In the past three years, Dharma Institute has kept pace with the academic research and application of artificial intelligence. No matter in international academic summits and various competitions, or in promoting the commercialization of academic achievements, they have handed over eye-catching transcripts, which has attracted top researchers in the field of artificial intelligence to gather here.
I think everyone is full of curiosity about the research work being carried out by these top researchers!
On July 9th (evening) 19:30-2 1:00, AI Science and Technology Review will jointly present a live broadcast of "Interpretation of ACL 2020 Series Papers and Alibaba Specials" with the same "firm" existence of Ali Group in academic research!
At that time, six senior algorithm experts, algorithm engineer and research interns from Ali Dharma Institute Machine Intelligence Technology Team and Ali Security Intelligence Team will focus on NLP subdivision fields such as multi-task learning, text classification with few samples, task-based dialogue, neural machine translation, knowledge extraction, cross-domain word segmentation and labeling, and bring you a feast of paper interpretation!

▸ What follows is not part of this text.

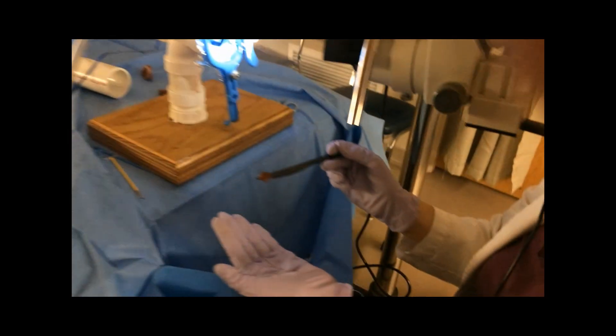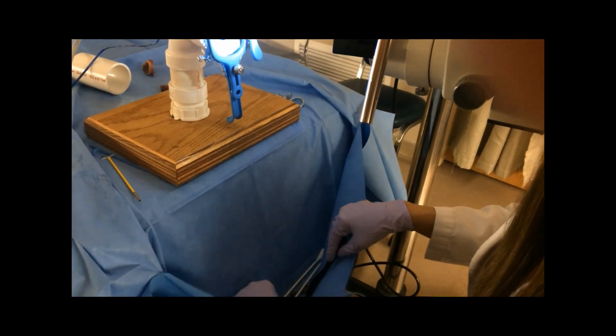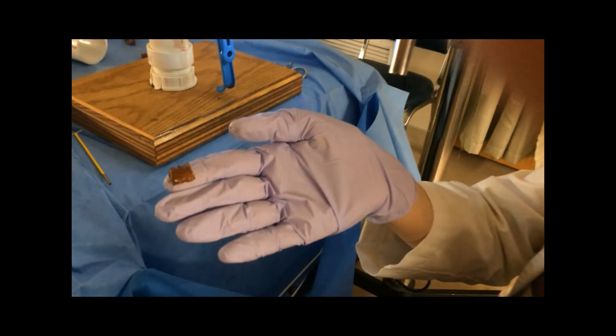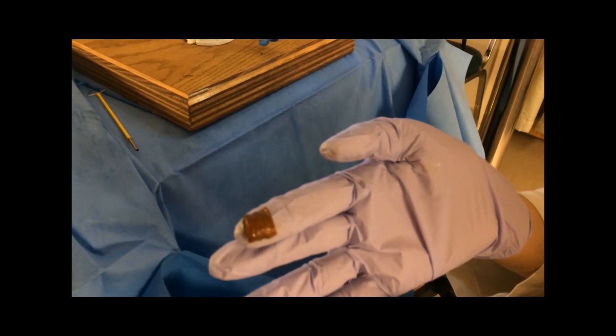I'm very happy with that specimen. This is just where I excised from what would be around the cervical os to give me more insurance that I had gotten everything I needed to get.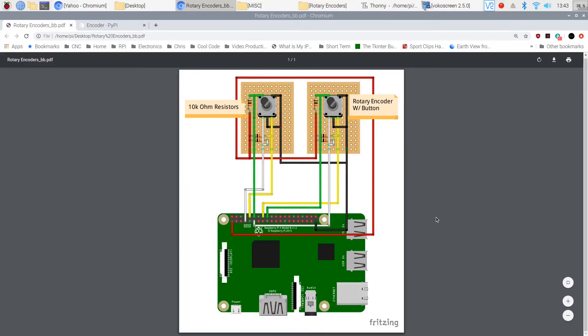In this example we've got two rotary encoder switches with buttons and I'm using it on a Raspberry Pi 3. The wiring is the same on most Raspberry Pis as long as it's a 40-pin GPIO connector. What's a little different here is I'm showing 10k resistors — one for each input — and that would be channel A, channel B, and the push button of each of the two switches.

Who is the guest to share this time? The following are revealed one by one: * * * Sharing theme: SpanMlt: a multi-task learning framework based on the paired extraction of attribute words and opinion words of span * * * * Sharing guest: Huang.
Shared content:
The extraction of attribute words and opinion words are two key problems in fine-grained attribute-based sentiment analysis (ABSA). Aspect-Opinion pairs are global profiles that can provide related products or services to consumers and opinion mining systems. However, without given attribute words and viewpoint words, traditional methods cannot directly output attribute-viewpoint word pairs. Although researchers have recently proposed some * * * extraction methods to jointly extract attribute words and opinion words, they cannot extract both in pairs. Therefore, this paper proposes an end-to-end method to solve the paired extraction of attribute words and opinion words. In addition, this paper deals with this problem from the perspective of joint words and relations extraction, rather than the sequence labeling method implemented in most previous work. We propose a multi-task learning framework based on * * * shared span to extract words under the supervision of span boundaries. At the same time, span representation is used to identify the pairing relationship together. A large number of experiments show that our model is always better than SOTA method.
Shared content:
The existing work often adopts the method of meta-learning, and obtains the ability of learning with few samples by switching between a series of meta-tasks, but the switching between tasks will bring the problem of forgetting, so we consider using the memory mechanism to assist the training of meta-learning. In this work, we regard the classification parameters obtained by supervised learning as the global memory of meta-learning, and propose a dynamic memory routing algorithm, which integrates the global memory information into the training and prediction stage of meta-tasks based on dynamic routing. In addition, the dynamic memory routing algorithm can also enhance the ability of inductive category representation by using query information, which has better generalization performance for the expression of language diversity in spoken scenes. STOA results are obtained on a small sample of Chinese and English scene classification task data sets.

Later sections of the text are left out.